Netflix and Amazon will have to include Europe-made content
EU to ensure 30% of catalogue made locally, and given good visibility on the platforms
Local content will also be required to be given good visibility and placement on the platforms, in accordance with the rules. Representatives for Amazon and Netflix declined to comment.
Netflix, Amazon and other video-on-demand services will have to ensure that at least 30 per cent of their catalogues are made of up Europe-made content, under new European Union rules agreed on Tuesday.
EU lawmakers voted to adopt the policy to modernise audiovisual media legislation in an age where people are watching more TV shows, movies and media clips online, on-demand and from their mobile devices.
The legislation, which could also require online platforms to help finance Europe-made films and television, still needs to be rubber-stamped by EU member states. Following that, countries will have roughly two years to incorporate the legislation into national laws.
Some of the largest platforms already offer a large amount of European content but will have to boost that offering to meet the new rules. Any new shows and films will have to be matched with European ones in order to maintain the 30 per cent quota level.
Local content will also be required to be given good visibility and placement on the platforms, in accordance with the rules.
Representatives for Amazon and Netflix declined to comment.
Despite the requirements for the companies, the new EU rules could prove to be good for business. “We’ve seen in the case of music [and] the importance of offering local content,” said Paolo Pescatore, a London-based independent tech and media analyst. “Given the fragmentation of the European market, there is a demand.”

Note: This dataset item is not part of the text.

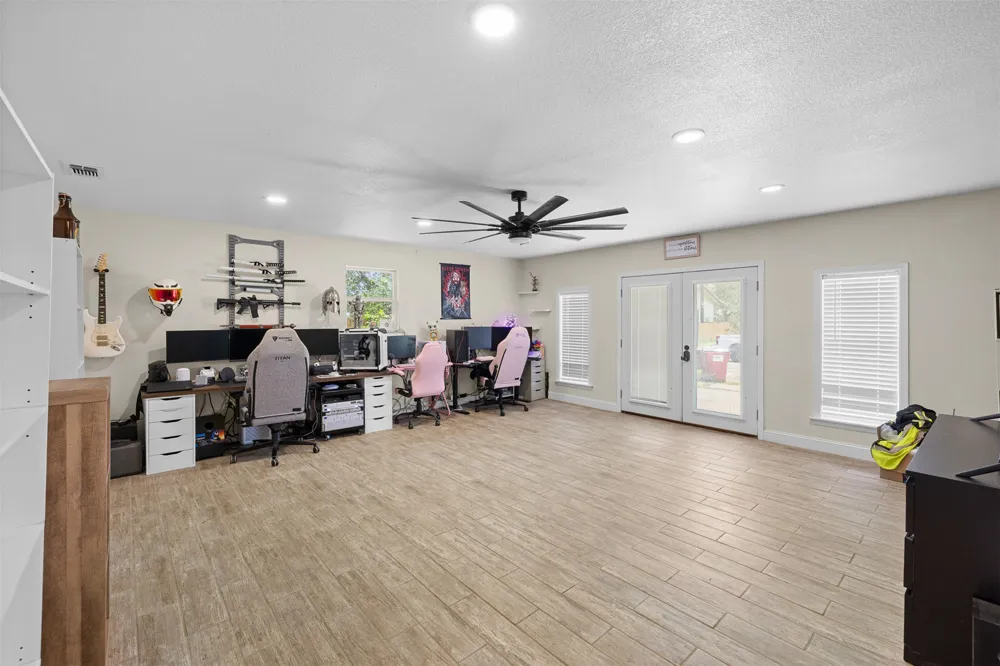 312 Holcombe Drive Lexington, TX 78947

It’s also important for on-demand providers as the companies seek to expand internationally. Netflix, for instance, airs shows such as Marseille, a French political drama starring Gerard Depardieu, and an Italian crime series called Suburra.
Local-language programming resonates with European audiences and is often more popular with advertisers than imported shows, analysts have said. Those platforms “realised as they’ve gone global, they need to have good balance with global blockbuster hits but also serve local communities”, Mr Pescatore said.
Netflix is this year doubling its European programming budget to $1 billion (€860 million); Amazon will soon have at least a dozen original series from Europe, up from one in 2014.
The investment by the streaming platforms has, in turn, pushed broadcasters in Britain, France, Germany, and Italy to set aside rivalries to co-produce programmes or offer shows online.
Under the new EU rules, member states will also be allowed to require on-demand platforms to help finance the production of European content, for instance through levies paid into national funds, with the level of contributions based on the revenue the company collects in that country.
Some member states like France already implement a so-called culture tax, which is paid by movie theatres, broadcasters, and internet service providers in the country. On-demand providers who have subscribers in France but aren’t headquartered there already have to pay a 2 per cent streaming tax on revenue it makes in the country.